# Your objective
Below is a listing with pictures in it; transcribe exactly the lines from the one that has "two pencils lie" through the one that has "A pristine tropical", and omit those pictures.
== Records for this task
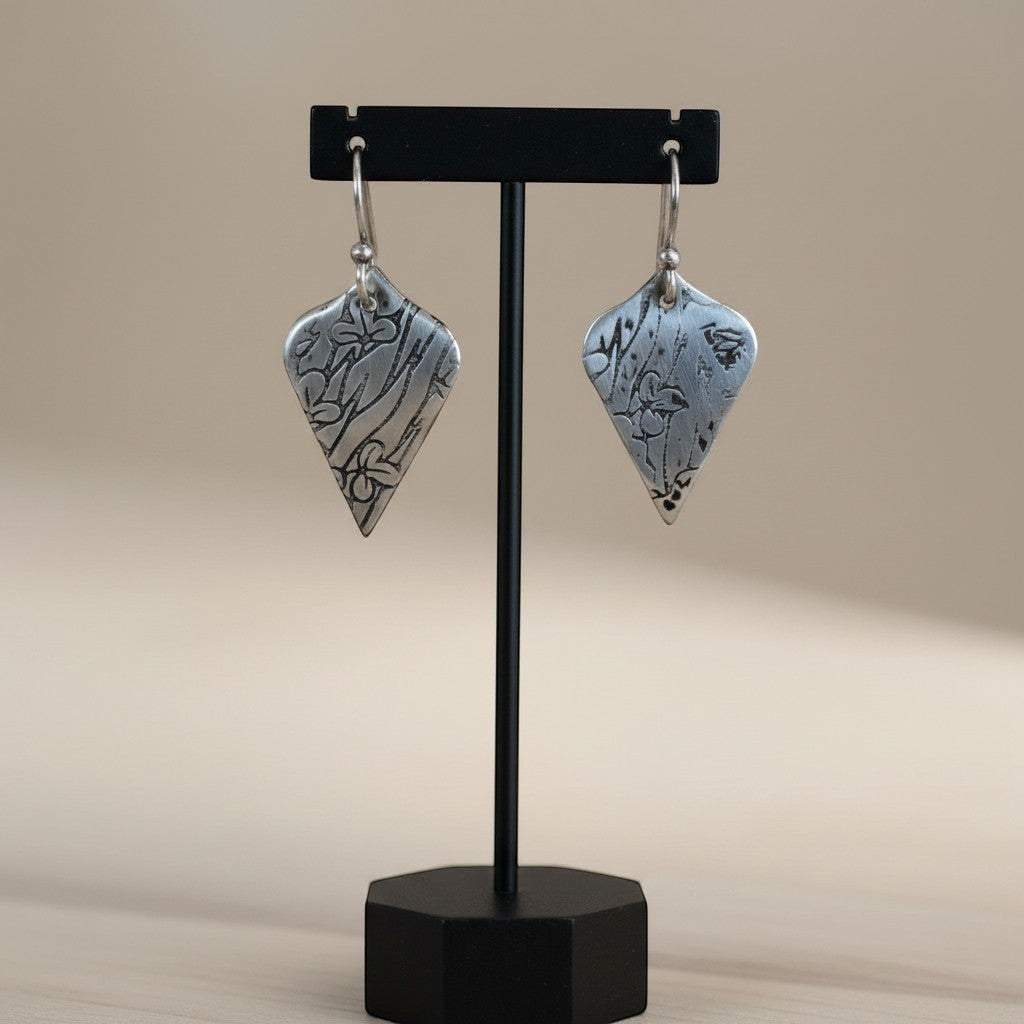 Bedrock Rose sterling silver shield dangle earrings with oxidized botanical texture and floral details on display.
====
== Records for this task
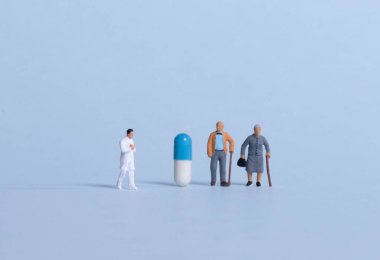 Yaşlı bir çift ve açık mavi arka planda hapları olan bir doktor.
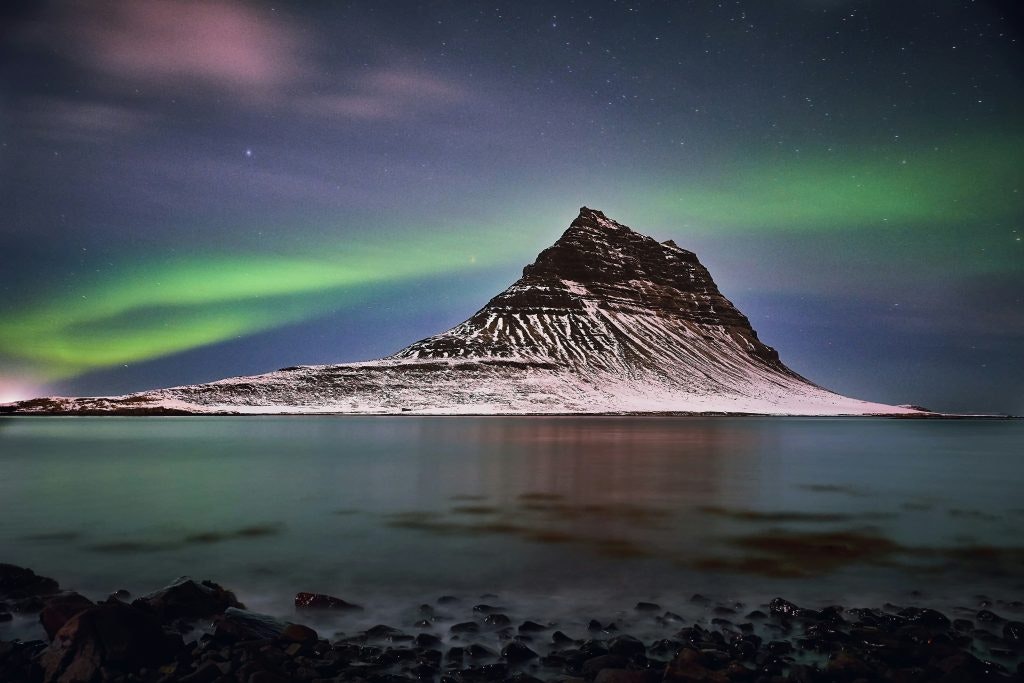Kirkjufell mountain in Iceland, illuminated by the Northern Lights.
====
== Records for this task
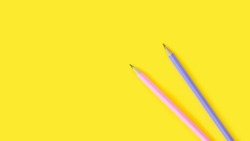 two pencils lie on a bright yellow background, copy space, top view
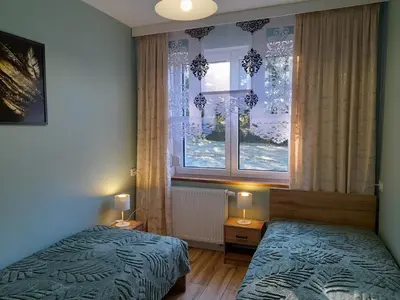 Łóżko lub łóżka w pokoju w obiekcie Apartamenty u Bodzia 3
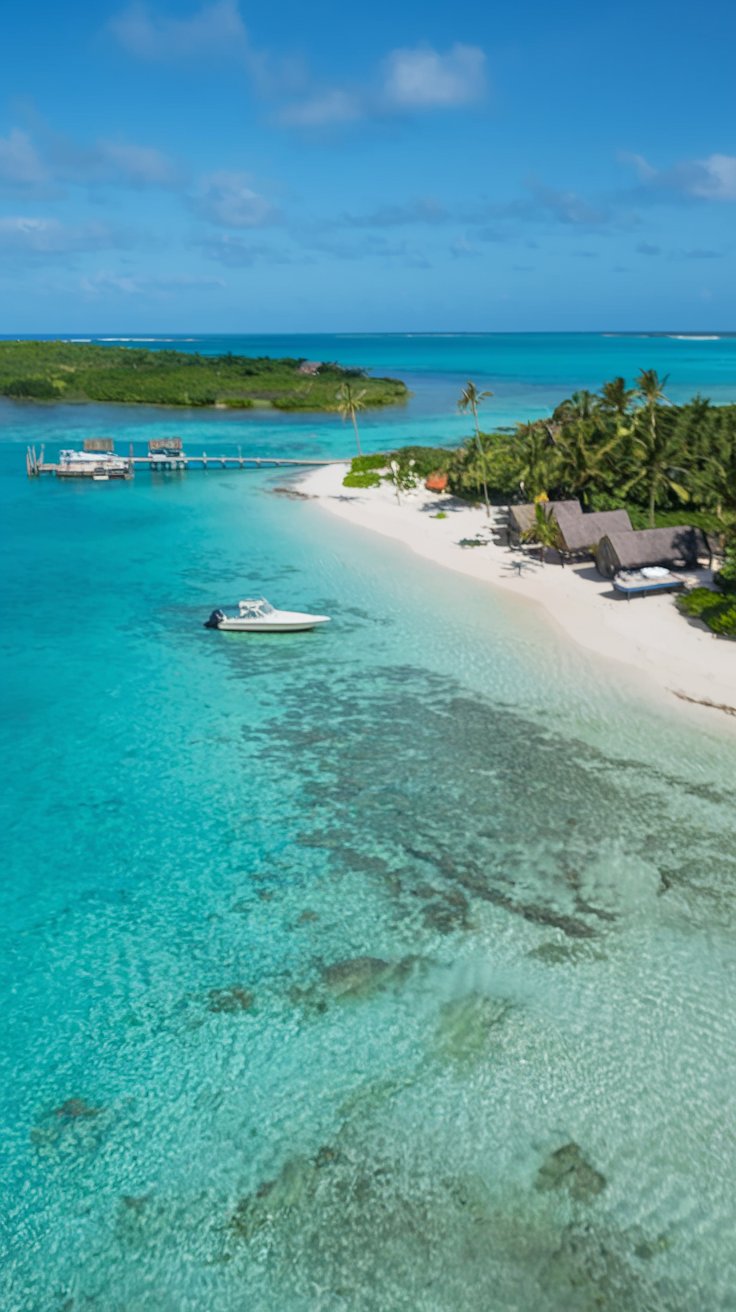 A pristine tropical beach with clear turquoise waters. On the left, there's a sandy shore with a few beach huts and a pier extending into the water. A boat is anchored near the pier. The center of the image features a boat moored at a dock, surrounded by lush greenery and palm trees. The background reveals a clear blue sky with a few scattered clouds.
====
# Solution
 two pencils lie on a bright yellow background, copy space, top view
 Łóżko lub łóżka w pokoju w obiekcie Apartamenty u Bodzia 3
 A pristine tropical beach with clear turquoise waters. On the left, there's a sandy shore with a few beach huts and a pier extending into the water. A boat is anchored near the pier. The center of the image features a boat moored at a dock, surrounded by lush greenery and palm trees. The background reveals a clear blue sky with a few scattered clouds.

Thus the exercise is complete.